Your assignment: Repeat the records below line by line, exactly, finishing on the line that contains "Hyundai Tucson III, 2008".

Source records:
==============================

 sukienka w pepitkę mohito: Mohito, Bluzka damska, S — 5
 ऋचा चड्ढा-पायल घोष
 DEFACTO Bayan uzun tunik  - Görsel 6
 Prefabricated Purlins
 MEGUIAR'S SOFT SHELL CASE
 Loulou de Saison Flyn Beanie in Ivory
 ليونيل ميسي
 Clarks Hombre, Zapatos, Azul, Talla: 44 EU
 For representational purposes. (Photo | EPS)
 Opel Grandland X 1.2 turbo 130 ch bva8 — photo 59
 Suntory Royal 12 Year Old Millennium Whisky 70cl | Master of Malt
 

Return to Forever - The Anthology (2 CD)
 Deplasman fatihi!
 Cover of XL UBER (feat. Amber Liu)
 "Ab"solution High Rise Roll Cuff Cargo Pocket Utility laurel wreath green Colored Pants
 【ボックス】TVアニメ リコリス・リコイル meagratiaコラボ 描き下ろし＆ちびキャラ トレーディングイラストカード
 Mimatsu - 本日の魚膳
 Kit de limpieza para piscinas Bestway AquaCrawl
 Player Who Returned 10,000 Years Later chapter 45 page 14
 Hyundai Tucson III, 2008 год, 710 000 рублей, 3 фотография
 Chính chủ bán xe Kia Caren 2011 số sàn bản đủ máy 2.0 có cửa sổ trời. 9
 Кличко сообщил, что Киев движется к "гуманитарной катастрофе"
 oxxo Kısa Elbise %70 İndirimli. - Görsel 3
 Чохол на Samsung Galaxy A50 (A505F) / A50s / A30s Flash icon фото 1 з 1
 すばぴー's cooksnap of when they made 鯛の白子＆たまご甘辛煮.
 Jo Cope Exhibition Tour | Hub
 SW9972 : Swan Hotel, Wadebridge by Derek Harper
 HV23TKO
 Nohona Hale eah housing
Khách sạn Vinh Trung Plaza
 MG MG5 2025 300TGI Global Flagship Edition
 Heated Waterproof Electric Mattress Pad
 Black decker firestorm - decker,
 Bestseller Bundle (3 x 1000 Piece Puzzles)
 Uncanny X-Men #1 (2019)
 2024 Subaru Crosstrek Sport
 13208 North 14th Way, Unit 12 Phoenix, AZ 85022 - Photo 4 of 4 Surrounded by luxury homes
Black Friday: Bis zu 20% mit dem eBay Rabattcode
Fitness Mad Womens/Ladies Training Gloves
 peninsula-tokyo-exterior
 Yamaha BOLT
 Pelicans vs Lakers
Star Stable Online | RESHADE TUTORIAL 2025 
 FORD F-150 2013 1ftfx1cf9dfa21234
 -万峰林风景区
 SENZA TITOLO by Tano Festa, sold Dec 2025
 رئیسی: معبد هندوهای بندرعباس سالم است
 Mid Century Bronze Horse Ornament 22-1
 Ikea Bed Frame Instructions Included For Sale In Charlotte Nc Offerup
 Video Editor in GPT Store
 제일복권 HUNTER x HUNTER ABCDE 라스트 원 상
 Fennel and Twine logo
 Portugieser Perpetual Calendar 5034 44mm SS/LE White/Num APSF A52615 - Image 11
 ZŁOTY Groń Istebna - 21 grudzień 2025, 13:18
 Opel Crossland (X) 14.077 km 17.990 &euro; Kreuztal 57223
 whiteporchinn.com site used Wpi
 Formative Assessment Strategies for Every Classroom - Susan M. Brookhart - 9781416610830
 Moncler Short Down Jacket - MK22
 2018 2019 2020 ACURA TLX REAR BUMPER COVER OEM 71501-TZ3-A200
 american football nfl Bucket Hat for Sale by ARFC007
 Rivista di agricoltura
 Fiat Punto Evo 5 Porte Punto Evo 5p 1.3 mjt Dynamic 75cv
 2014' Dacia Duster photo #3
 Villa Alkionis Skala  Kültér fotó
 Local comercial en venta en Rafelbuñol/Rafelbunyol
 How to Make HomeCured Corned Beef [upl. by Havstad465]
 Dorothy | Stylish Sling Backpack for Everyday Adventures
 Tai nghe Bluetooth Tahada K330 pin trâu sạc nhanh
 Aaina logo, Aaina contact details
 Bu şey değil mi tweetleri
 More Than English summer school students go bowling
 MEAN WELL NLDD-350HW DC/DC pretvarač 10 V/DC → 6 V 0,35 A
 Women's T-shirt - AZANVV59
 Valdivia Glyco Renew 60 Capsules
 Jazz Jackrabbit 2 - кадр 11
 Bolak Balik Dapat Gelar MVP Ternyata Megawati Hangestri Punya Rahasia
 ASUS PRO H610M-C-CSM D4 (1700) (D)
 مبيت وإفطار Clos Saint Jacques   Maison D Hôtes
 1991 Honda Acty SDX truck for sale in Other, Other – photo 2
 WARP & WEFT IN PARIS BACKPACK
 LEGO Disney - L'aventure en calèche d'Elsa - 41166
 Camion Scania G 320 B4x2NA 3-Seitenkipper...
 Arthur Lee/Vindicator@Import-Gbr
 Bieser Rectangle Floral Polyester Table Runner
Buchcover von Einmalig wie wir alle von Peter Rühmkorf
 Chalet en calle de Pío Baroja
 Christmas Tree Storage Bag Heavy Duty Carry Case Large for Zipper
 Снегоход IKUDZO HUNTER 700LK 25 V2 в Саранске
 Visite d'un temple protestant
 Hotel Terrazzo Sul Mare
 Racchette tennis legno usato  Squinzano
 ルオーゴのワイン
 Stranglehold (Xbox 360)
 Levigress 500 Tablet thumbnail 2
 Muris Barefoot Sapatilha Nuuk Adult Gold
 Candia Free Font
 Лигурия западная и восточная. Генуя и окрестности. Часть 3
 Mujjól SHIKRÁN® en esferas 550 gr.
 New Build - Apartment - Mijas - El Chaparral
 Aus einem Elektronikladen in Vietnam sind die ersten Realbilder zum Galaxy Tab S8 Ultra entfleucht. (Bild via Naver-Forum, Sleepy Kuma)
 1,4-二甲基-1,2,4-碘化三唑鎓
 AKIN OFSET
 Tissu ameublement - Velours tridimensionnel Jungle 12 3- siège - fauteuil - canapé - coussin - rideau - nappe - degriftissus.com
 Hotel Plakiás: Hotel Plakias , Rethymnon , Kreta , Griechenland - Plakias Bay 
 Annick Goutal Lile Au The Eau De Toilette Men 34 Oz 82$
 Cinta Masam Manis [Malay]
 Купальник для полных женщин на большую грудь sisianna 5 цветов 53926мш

==============================

Solution below:
 sukienka w pepitkę mohito: Mohito, Bluzka damska, S — 5
 ऋचा चड्ढा-पायल घोष
 DEFACTO Bayan uzun tunik  - Görsel 6
 Prefabricated Purlins
 MEGUIAR'S SOFT SHELL CASE
 Loulou de Saison Flyn Beanie in Ivory
 ليونيل ميسي
 Clarks Hombre, Zapatos, Azul, Talla: 44 EU
 For representational purposes. (Photo | EPS)
 Opel Grandland X 1.2 turbo 130 ch bva8 — photo 59
 Suntory Royal 12 Year Old Millennium Whisky 70cl | Master of Malt
 

Return to Forever - The Anthology (2 CD)
 Deplasman fatihi!
 Cover of XL UBER (feat. Amber Liu)
 "Ab"solution High Rise Roll Cuff Cargo Pocket Utility laurel wreath green Colored Pants
 【ボックス】TVアニメ リコリス・リコイル meagratiaコラボ 描き下ろし＆ちびキャラ トレーディングイラストカード
 Mimatsu - 本日の魚膳
 Kit de limpieza para piscinas Bestway AquaCrawl
 Player Who Returned 10,000 Years Later chapter 45 page 14
 Hyundai Tucson III, 2008 год, 710 000 рублей, 3 фотография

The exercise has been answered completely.